Isn't that the entire point of this? Requiring a carrier to actually let their customers use the hardware they've purchased?
They do. You can make calls as per the terms of your agreement. After a set period, you can unlock it. I suspect, in the US, having a locked phone is not a big deal, and most people don't even realize their phone is locked. Carriers will often offer to payoff phones to get you to switch, so it's not like you are stuck with one carrier.
If you want to trade I your phone before its paid off and the trade in is more than the payoff, you can pay it off and get the higher trade in value.
Hardware which, if purchased on an installment plan, is already well protected by exactly the same laws which prevent credit card fraud should someone decide they want to buy something and then not pay for it.
Thieves generally do not worry about such laws.
Guess you never travel internationally, do you?
I suspect a very smll percentage travel internationally, and if that is an issue you buy an unlocked phone.
Regardless, if the deal was so bad for Verizon, then I guess Verizon shouldn't have taken the deal, should they?
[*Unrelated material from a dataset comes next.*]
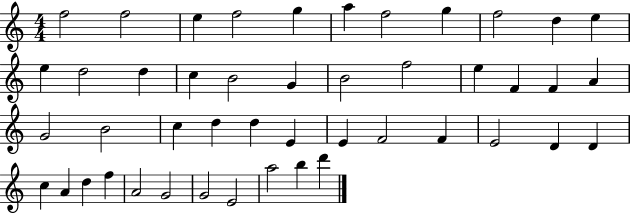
F5/h F5/h E5/q F5/h G5/q A5/q F5/h G5/q F5/h D5/q E5/q E5/q D5/h D5/q C5/q B4/h G4/q B4/h F5/h E5/q F4/q F4/q A4/q G4/h B4/h C5/q D5/q D5/q E4/q E4/q F4/h F4/q E4/h D4/q D4/q C5/q A4/q D5/q F5/q A4/h G4/h G4/h E4/h A5/h B5/q D6/q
They're free to sell the spectrum if they want out.
But of course it's only individuals that we expect to be responsible and who aren't allowed to ask for a better deal, lest they be seem as "crying and screaming". A 100+ billion dollar company can't possibly be expected to stick with the deals it already agreed to.
I agree, VZW should be forced to stick to the agreement; or stop offering subsidized phones and require you to pay for it in full up front or finance it thorough someone else..
Let's be honest: the US is the only country where this nonsense exists. The rest of the world doesn't lock their phones nor charge the ludicrous monthly fees US carriers impose.
In most of the world you can't get a subsidized phone either; and there are cheaper non-subsidized plans. Plans vary, and a lot of US plans are stupidly expensive, and the government has added on its own set of fees and taxes.
OTOH, many non-US plans I've seen, such as in Europe, cap data to low levels at the lower tiers, and you can't buy service in Germany and use your phone in say Portugal year round and not get hit with "fair use" terms that start charging you for data yo already paid for; unlike the US where you can get a NY number and use it in CA for teh rest of your life if you wanted at no extra charge. In some cases, things like hotspots won't work outside of the country where yo have service.
Bottom line is services evolved differently based on the business climate and are not better or worse, just different with their own pros and cons.
Here’s an example. Of course, Apple sneakily words it as a discount instead of a fee.
Thatis actually a fee the carrier charges; and charge you if you activate a phone at their store as well. Apple simply negotiated not charging the fee, so you won't see it on your next bill. I've always called to get it taken off and never had them say no.